I have experienced the spike in pH and hardness. How much of a spike you get will depend on the water in your tank. The spike caused by the eco will gradually resolve. Many plants will grow with a consistent high pH, especially many good beginner plants so it shouldn't be a problem for most plants. I usually add substrate, then plants, then water and this has worked for me. Pour the water into a bowl or onto a stone so your plants and substrate are not overly disturbed.

I'm a fan of eco-complete and use it in many of my tanks. Even better is a bottom layer of plain unfertilized topsoil (1-2" deep) topped with eco-complete (1-2" deep). This gives a nice rich substate, though soil can be messy to work with. And if you scimp on the top layer of eco you will have cloudy or brown water from soil mixing into the water.

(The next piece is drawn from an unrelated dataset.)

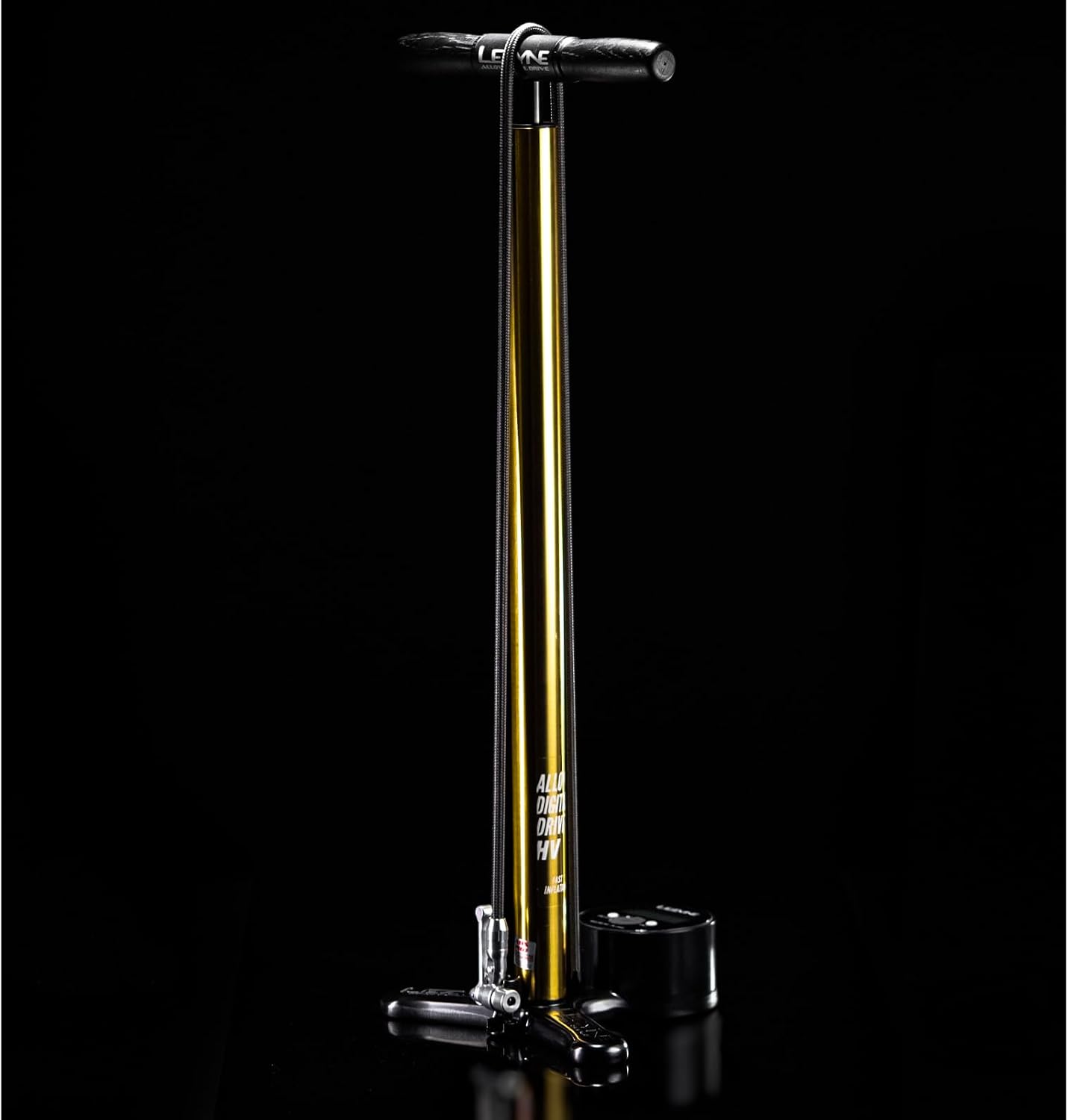 LEZYNE Alloy HV Digital Drive 3.5 High Volume 100PSI Bicycle Floor Pump with 3.5' Digital Gauge - Durable Aluminum Tire Air Pump with Extra Long Nylon Braided Hose for Mountain/Gravel Bikes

If you are interested in this type of substrate check out the El Natural section of the forum.


----------



## plamski (Oct 27, 2009)

I have It mixed with regular black gravel 60% to 40%.My PH 6.4,GH 4 and KH 5 are stable for 5 months now.


----------



## WhiteDevil (May 7, 2009)

I used 5 bags for a 45g tall tank and 4 bags for a 40g tall tank.


I have a tank with flourite in it as well, the eco complete is so much easier to work with and the sheer root growth between the flourite and eco complete is no competition, eco complete truly is a great planting substrate.


----------